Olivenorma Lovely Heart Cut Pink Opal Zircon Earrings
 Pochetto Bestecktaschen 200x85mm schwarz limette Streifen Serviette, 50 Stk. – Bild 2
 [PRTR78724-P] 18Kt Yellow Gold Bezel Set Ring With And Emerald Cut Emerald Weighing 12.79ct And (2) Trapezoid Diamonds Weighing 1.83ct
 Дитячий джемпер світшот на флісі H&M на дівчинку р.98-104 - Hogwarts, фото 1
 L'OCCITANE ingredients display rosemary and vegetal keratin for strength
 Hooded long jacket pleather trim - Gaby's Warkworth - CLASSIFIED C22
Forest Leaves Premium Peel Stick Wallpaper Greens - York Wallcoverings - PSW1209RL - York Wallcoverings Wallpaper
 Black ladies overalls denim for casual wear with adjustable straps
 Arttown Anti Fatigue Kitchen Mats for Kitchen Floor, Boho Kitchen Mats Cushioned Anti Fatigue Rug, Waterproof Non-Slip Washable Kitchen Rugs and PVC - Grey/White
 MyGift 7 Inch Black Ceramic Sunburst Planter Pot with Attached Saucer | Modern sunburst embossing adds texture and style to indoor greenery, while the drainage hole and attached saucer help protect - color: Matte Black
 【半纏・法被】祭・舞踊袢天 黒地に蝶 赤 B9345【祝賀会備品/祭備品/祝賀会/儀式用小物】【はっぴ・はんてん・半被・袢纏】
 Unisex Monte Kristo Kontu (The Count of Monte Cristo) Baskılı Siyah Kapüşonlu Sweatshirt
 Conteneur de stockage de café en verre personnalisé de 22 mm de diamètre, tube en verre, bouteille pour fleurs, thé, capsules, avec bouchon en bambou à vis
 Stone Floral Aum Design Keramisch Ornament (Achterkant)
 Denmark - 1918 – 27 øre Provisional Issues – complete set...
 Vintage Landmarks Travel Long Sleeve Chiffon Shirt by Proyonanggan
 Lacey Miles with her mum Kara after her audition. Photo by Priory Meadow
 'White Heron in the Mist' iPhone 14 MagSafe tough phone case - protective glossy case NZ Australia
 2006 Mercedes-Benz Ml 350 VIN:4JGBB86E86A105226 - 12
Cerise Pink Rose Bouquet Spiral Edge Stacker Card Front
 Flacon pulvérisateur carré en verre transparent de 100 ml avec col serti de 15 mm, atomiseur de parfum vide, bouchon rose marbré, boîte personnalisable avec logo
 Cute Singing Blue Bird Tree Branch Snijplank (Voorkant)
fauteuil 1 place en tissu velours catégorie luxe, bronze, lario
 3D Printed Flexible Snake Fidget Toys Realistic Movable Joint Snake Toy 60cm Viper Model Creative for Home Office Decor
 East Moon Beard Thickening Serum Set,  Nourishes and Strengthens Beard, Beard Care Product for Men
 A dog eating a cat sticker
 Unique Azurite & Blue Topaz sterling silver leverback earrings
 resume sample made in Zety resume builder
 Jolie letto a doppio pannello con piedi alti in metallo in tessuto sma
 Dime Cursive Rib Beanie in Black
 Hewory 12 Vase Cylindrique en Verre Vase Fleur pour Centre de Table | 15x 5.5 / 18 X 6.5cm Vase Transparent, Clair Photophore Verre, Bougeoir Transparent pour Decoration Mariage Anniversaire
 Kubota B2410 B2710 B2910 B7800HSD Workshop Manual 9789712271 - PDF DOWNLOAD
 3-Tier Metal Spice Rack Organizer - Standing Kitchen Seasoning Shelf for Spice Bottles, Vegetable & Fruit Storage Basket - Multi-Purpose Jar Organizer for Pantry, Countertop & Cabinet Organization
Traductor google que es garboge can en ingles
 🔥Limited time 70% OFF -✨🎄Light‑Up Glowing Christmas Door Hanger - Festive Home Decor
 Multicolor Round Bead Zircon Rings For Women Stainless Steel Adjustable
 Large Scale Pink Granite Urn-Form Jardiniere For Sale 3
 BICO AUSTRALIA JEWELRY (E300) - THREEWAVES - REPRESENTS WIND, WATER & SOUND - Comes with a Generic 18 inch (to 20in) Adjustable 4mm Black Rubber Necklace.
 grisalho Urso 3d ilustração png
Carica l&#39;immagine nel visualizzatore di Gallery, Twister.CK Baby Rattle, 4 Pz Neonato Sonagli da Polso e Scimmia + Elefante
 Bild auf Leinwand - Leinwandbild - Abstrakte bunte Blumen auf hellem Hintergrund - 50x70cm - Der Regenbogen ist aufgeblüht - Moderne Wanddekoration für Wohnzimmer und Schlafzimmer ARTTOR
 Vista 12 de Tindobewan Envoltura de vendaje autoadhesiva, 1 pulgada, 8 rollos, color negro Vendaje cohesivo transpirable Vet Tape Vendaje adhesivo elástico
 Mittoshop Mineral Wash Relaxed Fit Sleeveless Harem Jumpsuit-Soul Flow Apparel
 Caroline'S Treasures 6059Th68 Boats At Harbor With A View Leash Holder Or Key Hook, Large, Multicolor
━━━
● **To do**
Everything from the line with "Arttown Anti Fatigue" through the line with "黒地に蝶 赤 B9345【祝賀会備品/祭備品/祝賀会/儀式用小物】【はっぴ・はんてん・半被・袢纏】" in the listing above must be retyped exactly, with nothing added.

● **Written response**
 Arttown Anti Fatigue Kitchen Mats for Kitchen Floor, Boho Kitchen Mats Cushioned Anti Fatigue Rug, Waterproof Non-Slip Washable Kitchen Rugs and PVC - Grey/White
 MyGift 7 Inch Black Ceramic Sunburst Planter Pot with Attached Saucer | Modern sunburst embossing adds texture and style to indoor greenery, while the drainage hole and attached saucer help protect - color: Matte Black
 【半纏・法被】祭・舞踊袢天 黒地に蝶 赤 B9345【祝賀会備品/祭備品/祝賀会/儀式用小物】【はっぴ・はんてん・半被・袢纏】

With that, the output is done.